> [Work item]: Output each record exactly. Leave none out.

> [Records shown]:
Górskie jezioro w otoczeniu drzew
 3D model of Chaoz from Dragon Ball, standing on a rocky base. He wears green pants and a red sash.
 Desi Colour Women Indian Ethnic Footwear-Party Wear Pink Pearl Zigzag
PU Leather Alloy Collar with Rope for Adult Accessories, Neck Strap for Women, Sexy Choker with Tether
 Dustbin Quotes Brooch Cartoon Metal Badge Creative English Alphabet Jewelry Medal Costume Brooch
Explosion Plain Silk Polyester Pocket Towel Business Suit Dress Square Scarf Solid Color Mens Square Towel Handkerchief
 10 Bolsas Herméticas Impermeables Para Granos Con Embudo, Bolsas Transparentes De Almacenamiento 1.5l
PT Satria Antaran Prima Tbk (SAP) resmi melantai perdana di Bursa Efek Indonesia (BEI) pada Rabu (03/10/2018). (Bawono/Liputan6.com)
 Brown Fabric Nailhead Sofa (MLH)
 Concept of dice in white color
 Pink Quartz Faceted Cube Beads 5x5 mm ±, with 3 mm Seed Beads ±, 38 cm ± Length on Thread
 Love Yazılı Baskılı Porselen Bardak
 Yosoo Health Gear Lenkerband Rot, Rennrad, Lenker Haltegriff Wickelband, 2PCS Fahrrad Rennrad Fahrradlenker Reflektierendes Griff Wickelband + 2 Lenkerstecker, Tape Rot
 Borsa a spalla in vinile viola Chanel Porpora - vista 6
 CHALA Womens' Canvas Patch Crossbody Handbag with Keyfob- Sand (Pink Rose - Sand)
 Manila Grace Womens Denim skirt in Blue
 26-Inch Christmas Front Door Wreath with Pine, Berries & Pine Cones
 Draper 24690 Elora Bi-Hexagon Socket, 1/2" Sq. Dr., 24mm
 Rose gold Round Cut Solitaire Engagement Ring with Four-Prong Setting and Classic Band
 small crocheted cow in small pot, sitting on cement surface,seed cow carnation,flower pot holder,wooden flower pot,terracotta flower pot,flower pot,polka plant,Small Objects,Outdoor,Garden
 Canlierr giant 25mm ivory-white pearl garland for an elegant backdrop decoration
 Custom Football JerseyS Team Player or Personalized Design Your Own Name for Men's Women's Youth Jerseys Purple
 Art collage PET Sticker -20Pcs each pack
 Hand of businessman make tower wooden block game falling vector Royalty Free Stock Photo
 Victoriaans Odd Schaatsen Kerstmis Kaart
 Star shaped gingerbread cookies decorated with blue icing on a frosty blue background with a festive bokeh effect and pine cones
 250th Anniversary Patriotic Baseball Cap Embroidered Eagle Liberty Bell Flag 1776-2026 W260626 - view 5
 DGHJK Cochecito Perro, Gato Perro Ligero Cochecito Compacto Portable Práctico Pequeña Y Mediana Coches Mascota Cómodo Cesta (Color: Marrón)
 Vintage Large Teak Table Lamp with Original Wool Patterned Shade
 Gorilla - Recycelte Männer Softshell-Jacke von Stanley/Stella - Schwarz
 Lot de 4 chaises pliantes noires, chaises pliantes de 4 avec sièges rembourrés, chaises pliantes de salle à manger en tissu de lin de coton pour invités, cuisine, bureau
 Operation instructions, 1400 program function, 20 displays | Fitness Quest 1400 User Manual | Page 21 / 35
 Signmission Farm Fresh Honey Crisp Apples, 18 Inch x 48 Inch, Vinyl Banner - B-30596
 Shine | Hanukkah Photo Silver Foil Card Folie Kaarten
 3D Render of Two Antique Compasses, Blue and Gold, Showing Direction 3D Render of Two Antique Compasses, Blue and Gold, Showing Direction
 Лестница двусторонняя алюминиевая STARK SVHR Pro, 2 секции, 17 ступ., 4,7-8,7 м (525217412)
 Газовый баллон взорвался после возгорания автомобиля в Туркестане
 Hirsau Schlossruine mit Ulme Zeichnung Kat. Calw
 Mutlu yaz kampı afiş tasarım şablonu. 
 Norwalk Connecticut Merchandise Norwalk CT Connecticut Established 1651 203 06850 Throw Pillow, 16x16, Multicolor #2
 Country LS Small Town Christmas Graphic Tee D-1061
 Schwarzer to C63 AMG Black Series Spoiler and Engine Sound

> [Expected output]:
Górskie jezioro w otoczeniu drzew
 3D model of Chaoz from Dragon Ball, standing on a rocky base. He wears green pants and a red sash.
 Desi Colour Women Indian Ethnic Footwear-Party Wear Pink Pearl Zigzag
PU Leather Alloy Collar with Rope for Adult Accessories, Neck Strap for Women, Sexy Choker with Tether
 Dustbin Quotes Brooch Cartoon Metal Badge Creative English Alphabet Jewelry Medal Costume Brooch
Explosion Plain Silk Polyester Pocket Towel Business Suit Dress Square Scarf Solid Color Mens Square Towel Handkerchief
 10 Bolsas Herméticas Impermeables Para Granos Con Embudo, Bolsas Transparentes De Almacenamiento 1.5l
PT Satria Antaran Prima Tbk (SAP) resmi melantai perdana di Bursa Efek Indonesia (BEI) pada Rabu (03/10/2018). (Bawono/Liputan6.com)
 Brown Fabric Nailhead Sofa (MLH)
 Concept of dice in white color
 Pink Quartz Faceted Cube Beads 5x5 mm ±, with 3 mm Seed Beads ±, 38 cm ± Length on Thread
 Love Yazılı Baskılı Porselen Bardak
 Yosoo Health Gear Lenkerband Rot, Rennrad, Lenker Haltegriff Wickelband, 2PCS Fahrrad Rennrad Fahrradlenker Reflektierendes Griff Wickelband + 2 Lenkerstecker, Tape Rot
 Borsa a spalla in vinile viola Chanel Porpora - vista 6
 CHALA Womens' Canvas Patch Crossbody Handbag with Keyfob- Sand (Pink Rose - Sand)
 Manila Grace Womens Denim skirt in Blue
 26-Inch Christmas Front Door Wreath with Pine, Berries & Pine Cones
 Draper 24690 Elora Bi-Hexagon Socket, 1/2" Sq. Dr., 24mm
 Rose gold Round Cut Solitaire Engagement Ring with Four-Prong Setting and Classic Band
 small crocheted cow in small pot, sitting on cement surface,seed cow carnation,flower pot holder,wooden flower pot,terracotta flower pot,flower pot,polka plant,Small Objects,Outdoor,Garden
 Canlierr giant 25mm ivory-white pearl garland for an elegant backdrop decoration
 Custom Football JerseyS Team Player or Personalized Design Your Own Name for Men's Women's Youth Jerseys Purple
 Art collage PET Sticker -20Pcs each pack
 Hand of businessman make tower wooden block game falling vector Royalty Free Stock Photo
 Victoriaans Odd Schaatsen Kerstmis Kaart
 Star shaped gingerbread cookies decorated with blue icing on a frosty blue background with a festive bokeh effect and pine cones
 250th Anniversary Patriotic Baseball Cap Embroidered Eagle Liberty Bell Flag 1776-2026 W260626 - view 5
 DGHJK Cochecito Perro, Gato Perro Ligero Cochecito Compacto Portable Práctico Pequeña Y Mediana Coches Mascota Cómodo Cesta (Color: Marrón)
 Vintage Large Teak Table Lamp with Original Wool Patterned Shade
 Gorilla - Recycelte Männer Softshell-Jacke von Stanley/Stella - Schwarz
 Lot de 4 chaises pliantes noires, chaises pliantes de 4 avec sièges rembourrés, chaises pliantes de salle à manger en tissu de lin de coton pour invités, cuisine, bureau
 Operation instructions, 1400 program function, 20 displays | Fitness Quest 1400 User Manual | Page 21 / 35
 Signmission Farm Fresh Honey Crisp Apples, 18 Inch x 48 Inch, Vinyl Banner - B-30596
 Shine | Hanukkah Photo Silver Foil Card Folie Kaarten
 3D Render of Two Antique Compasses, Blue and Gold, Showing Direction 3D Render of Two Antique Compasses, Blue and Gold, Showing Direction
 Лестница двусторонняя алюминиевая STARK SVHR Pro, 2 секции, 17 ступ., 4,7-8,7 м (525217412)
 Газовый баллон взорвался после возгорания автомобиля в Туркестане
 Hirsau Schlossruine mit Ulme Zeichnung Kat. Calw
 Mutlu yaz kampı afiş tasarım şablonu. 
 Norwalk Connecticut Merchandise Norwalk CT Connecticut Established 1651 203 06850 Throw Pillow, 16x16, Multicolor #2
 Country LS Small Town Christmas Graphic Tee D-1061
 Schwarzer to C63 AMG Black Series Spoiler and Engine Sound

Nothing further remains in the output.